Returning home from our trip to Quebec and Vermont (recap on the way) and gearing up to move into our new home(!) has me thinking more and more about the magical wonderfulness that is batch cooking.
And by thinking about it, I mean wishing I had done more of it as my kitchen slowly loses its functionality to piles of boxes and packing paper.
Do you have any tips for delicious healthy recipes that are moving-friendly? I need some more inspiration, so I just asked the same question to my fellow dietitians and healthy food bloggers. Roundup with their best recipes is in the works. (Totally selfish idea for a blog post, I know.)
But who am I kidding, in reality, we have the piles of boxes, but we haven’t started the actual packing yet. I just know that the annihilation of my apartment’s kitchen is coming. It’s inevitable and I’m happy-sad about it.
I couldn’t be more excited to start cooking in our new house but our first Colorado kitchen will always hold a special place in my heart. It may not have any natural light and our appliances may be from the 80’s, but it was good to us. I mean, it’s where I thought up and concocted some of my favorite recipes, like this one, this one, and this one too.
Man, apparently vegan minestrone soup gets me all sorts of sentimental but just think of all the hearty
soups stews I’ll be cooking up in the mountains. It’s about to get real nice and cozy here on TGG this winter, I can tell you that much.
When one door closes…well, you know the rest.
- 2 tablespoons coconut oil (or cooking oil of choice)
- 1 large (about 1 cup) onion, diced
- 3-4 cloves (about 1 teaspoon) garlic, minced
- 1 teaspoon fresh grated ginger
- 2 carrots (about ½ cup), peeled and chopped
- 2 stalks (about 2 tablespoons) diced celery
- 1 cup cubed butternut squash
- 2 ears (about 1½ cups) fresh or frozen corn kernels (I used fresh in recipe testing)
- 3 cups vegetable broth
- 1 (28 ounce) can crushed tomatoes with basil (I used Muir Glen brand in recipe testing)
- 1 (15.5 ounce) can white kidney beans, including liquid (may also drain and rinse if desired)
- ¼ cup nutritional yeast, plus addiitonal for serving if desired
- 2 teaspoons dried oregano
- 1 teaspoon crushed red pepper, plus additional for serving if desired
- 3 fresh sage leaves
- 3 sprigs fresh thyme
- Salt and cracked black pepper to taste
- 2-3 cups cooked whole grain pasta for serving
- Heat oil in a large soup pot over medium-high heat. Add onion and salt and cook until onion is translucent, about 5 minutes. Add garlic, ginger, carrot, and celery and cook additional 2-3 minutes. Add squash and corn and cook 2-3 more minutes, adding more salt as needed throughout cooking process.

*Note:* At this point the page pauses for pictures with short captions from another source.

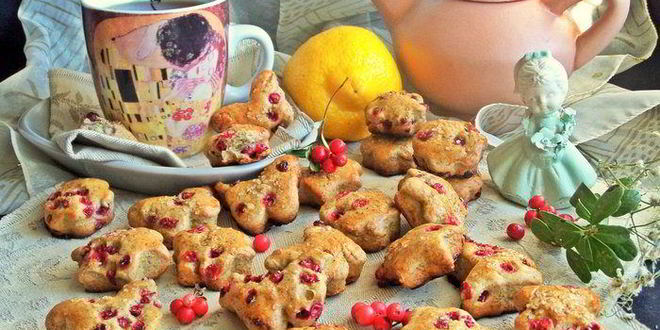 Рецепт пряников с брусникой на цельнозерновой муке
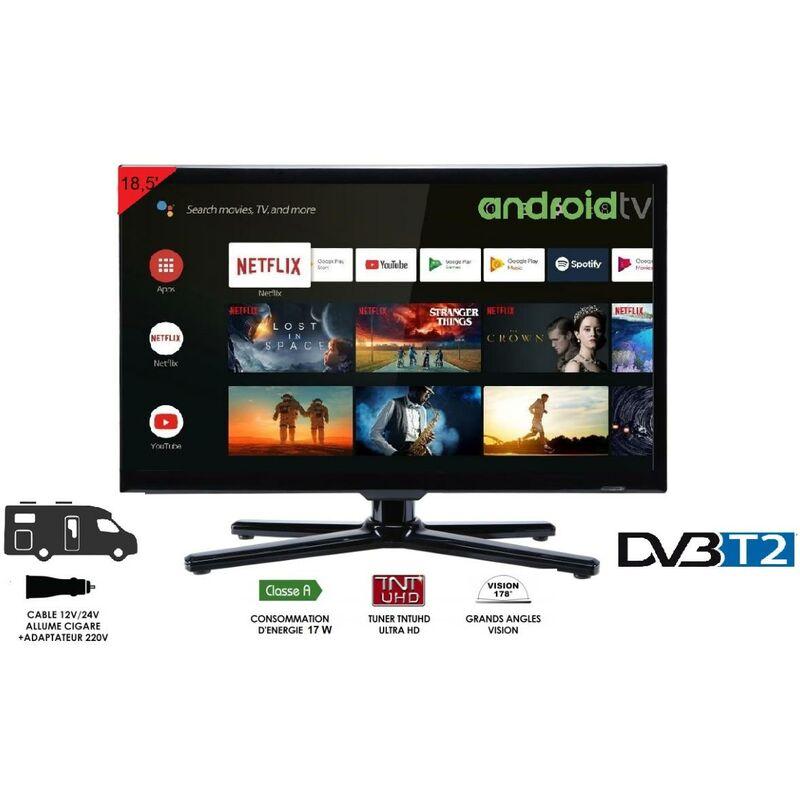 TV LED 18.5' ULTRA HD + ANDROID TV - 12V / 220V - CAMPING CAR - ANTARION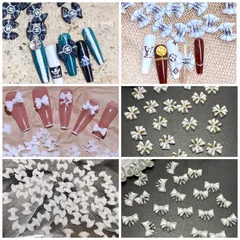 Cham nơ bột set 50c đính trang trí móng siêu xinh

- Stir in broth, tomatoes, beans, nutritional yeast, oregano, crushed red pepper, and black pepper to taste. Add fresh sage and thyme and bring to a boil before decreasing to a simmer. Simmer for about 15 minutes or until soup is hot and flavors have melded.
- To serve, spoon cooked pasta into separate soup bowls and ladle minestrone on top. Stir to combine and sprinkle with more nutritional yeast and crushed red pepper if desired.
- Store cooked pasta separately from leftover soup to prevent mushy noodles upon reheating. Soup may be stored in the refrigerator for up to one week or stored in the freezer (hold the pasta) for up to three months.